November 6, 2006
Freie Universität Berlin
Institut für Informatik
Takustr. 9,
room 005
Lecture - 14:15
Abstract:
Given a finite point set, we consider the family of all
of its triangulations, i.e. the set of maximal crossing-free
geometric graphs on this point set. In particular, we
are interested in the cardinality of this family and in
the structure of the flip graph which has the triangulations as its
vertices, and two triangulations are adjacent if they
can be obtained from each other by a so-called edge flip.
We first provide a brief account of some results known and then
concentrate on triangulations of the n x n lattice {0,1,...,n}^2.
Colloquium - 16:00
Abstract:
In this talk we outline how small graph separators help to reduce the
running time of fixed-parameter algorithms for certain hard geometric
problems.

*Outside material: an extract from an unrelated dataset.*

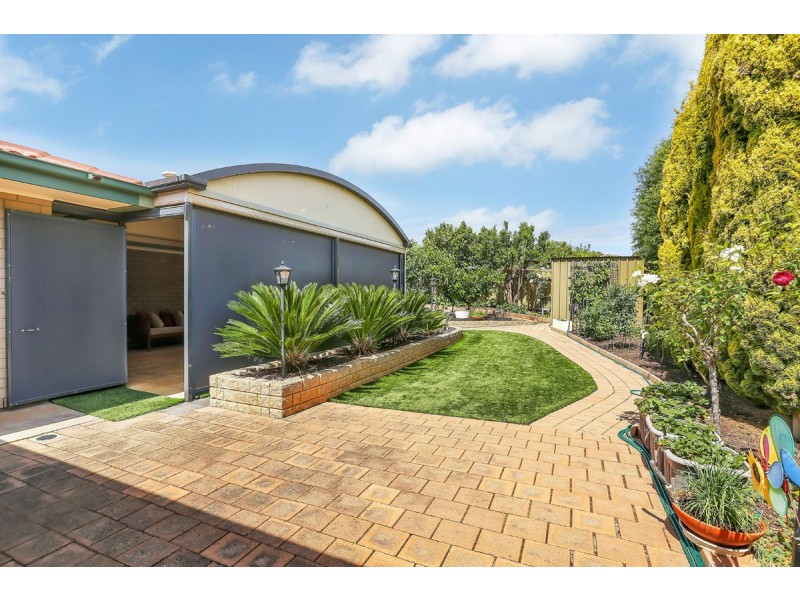 19 Glenbrae Close, Wynn Vale SA 5127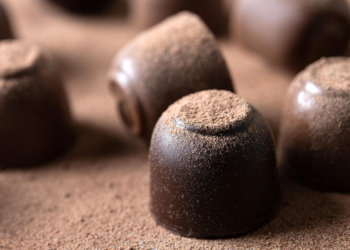 Врач-нарколог объяснил, кому нельзя есть конфеты с ликером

We focus on the Minimum Weight Triangulation problem (MWT)
and present a fixed-parameter algorithm which computes for a set $P$
of $n$ points in the plane in $O(2^{O(\sqrt{k} log k)} * k\sqrt{k}n^3)
$ time a minimum weight triangulation. The parameter $k$ is the
number of points in $P$ that lie in the interior of the convex hull
of $P$. We will briefly sketch how the same idea can be used for
other hard geometric problems such as TSP.
(This is joint work with Andreas Spillner)